For reference, she obtained the following values: $$\begin{align} \mathrm p\ce{H} &= 3.27, \\ \mathrm p\ce{Na} &= 2.699, \\ [\ce{Cl-}] &= 2.54 \times 10^{-3}, \\ \mathrm p\ce{Cl} &= 2.595 \end{align}$$
I understand how one has to take the negative log of a given concentration to obtain the p-value of it in a "rote" type of sense.
But what I misunderstood was the log rules and the calculation of the first $\mathrm p\ce{H}$ value.
Her work for the calculation of $\mathrm p\ce{H}$ was as followed:
(1st step)
$\mathrm p\ce{H} = -\log[\ce{H3O+}] = -\log[5.4 \times 10^{-4}]$
(use the log rule, $\log(a \cdot b) = \log(a) + \log(b)$)
(2nd step)
$\mathrm p\ce{H} = -\log 5.4 - \log 10^{4}$
(3rd step)
$\mathrm p\ce{H} = 3.27$
But why in the 2nd step above is the $\log 10^{4}$ not have a negative value, such as $\log 10^{-4}$?

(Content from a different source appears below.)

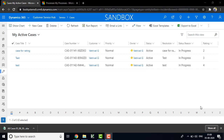Hi viewers, this is Vetrivel. Today we can discuss about how to export and import the case entity data into CRM. Let's begin.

In her solution of p$\ce{Na}$ it was the case that the second additive had a negative exponent, which can be seen below in the second step.
(1st step)
$\mathrm p\ce{Na} = -\log[2.00 \times 10^{-3}]$
(2nd step)
$\mathrm p\ce{Na} = -\log2.00 + \log10^{-3}$
(3rd step)
p$\ce{Na}$ $= -0.301 -(-3.00) = 2.699$
Also if anyone could explain to be why we sum the values of $\mathrm p\ce{H}$ and $\mathrm p\ce{Na}$ to obtain $[\ce{Cl-}]$? Does this have to do with the "stoichiometry" of something? My chemistry is not great, nor is my math. Thank you.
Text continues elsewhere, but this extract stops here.